[PROBLEM STATEMENT]
In the copy, keep every record exact and leave out all images.

[Image-text web data]
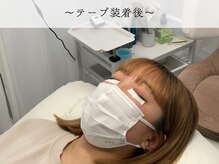 ラッシュ ビジョン 彦根(Lash Vision)/施術手順 2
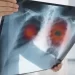 مراكش تحتضن مؤتمراً دولياً حول أمراض الجهاز التنفسي بمشاركة نخبة من الخبراء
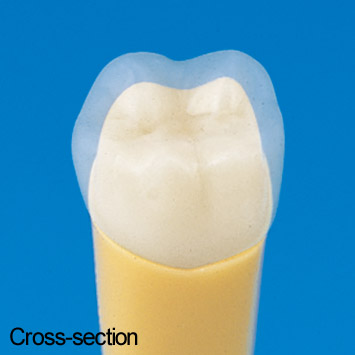 2-Layered Tooth Model  [A20A-500]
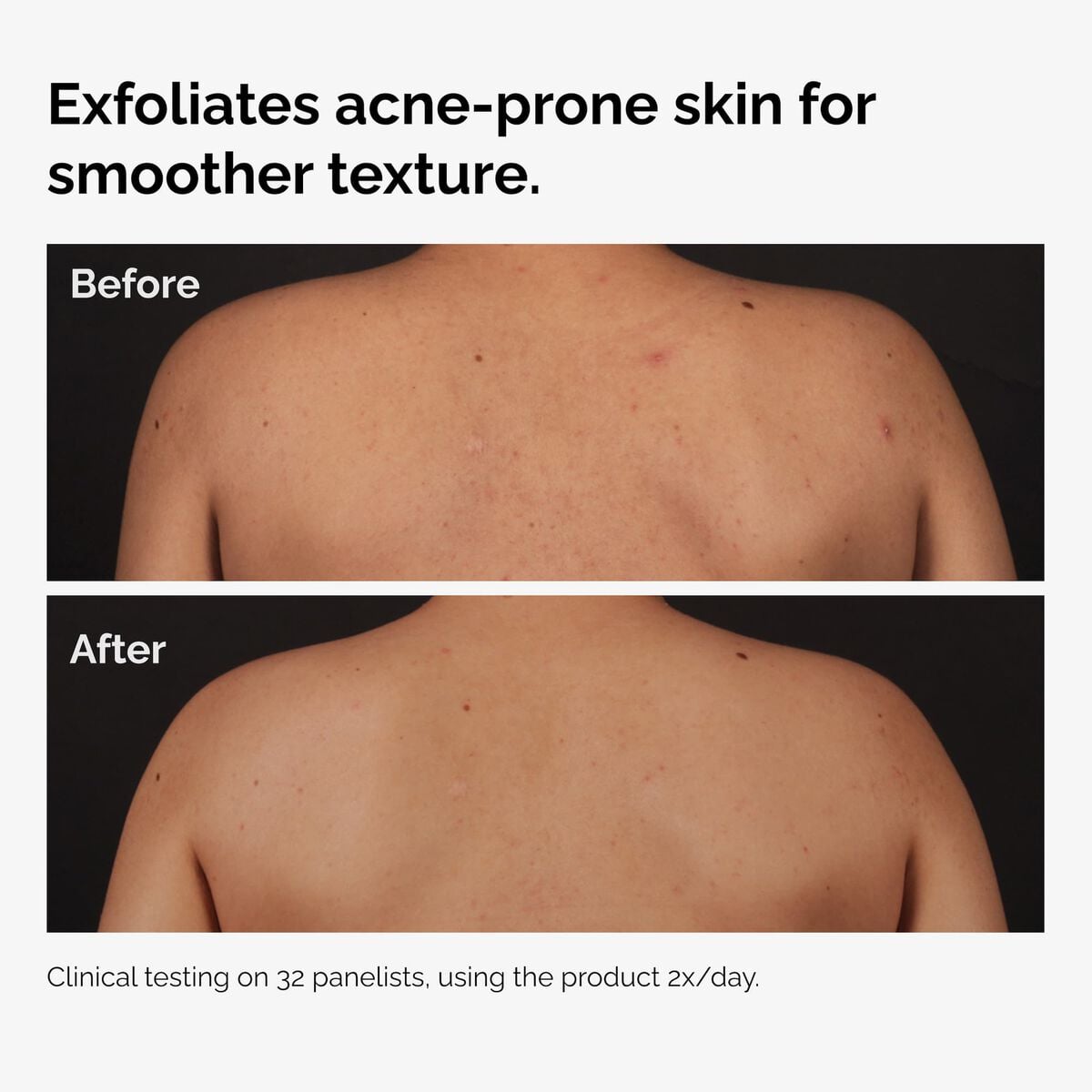 salicylic-acid-0-5-body-serum-j8 ord-salicylic-acid-body-serum-before-after-graphic-NA.jpg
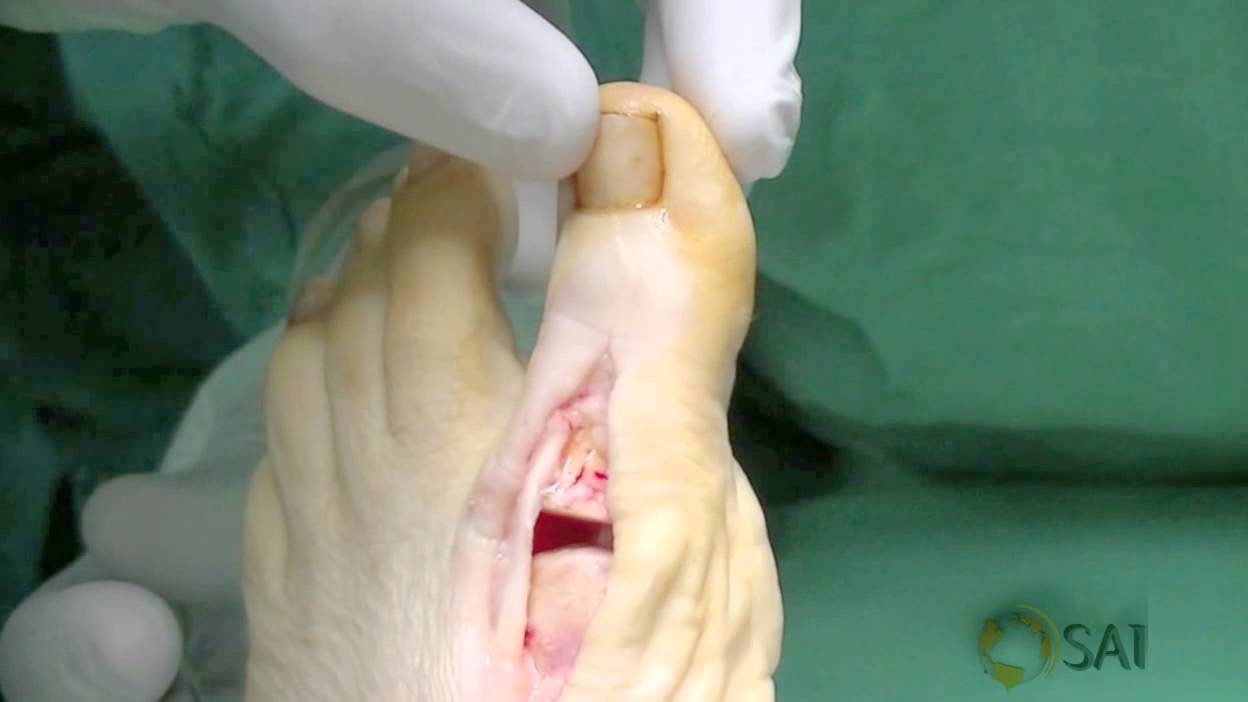 South America Implants S.A. - Hallux Connection - Cirugía Hemiartroplastía de Hallux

[RESPONSE]
 ラッシュ ビジョン 彦根(Lash Vision)/施術手順 2
 مراكش تحتضن مؤتمراً دولياً حول أمراض الجهاز التنفسي بمشاركة نخبة من الخبراء
 2-Layered Tooth Model  [A20A-500]
 salicylic-acid-0-5-body-serum-j8 ord-salicylic-acid-body-serum-before-after-graphic-NA.jpg
 South America Implants S.A. - Hallux Connection - Cirugía Hemiartroplastía de Hallux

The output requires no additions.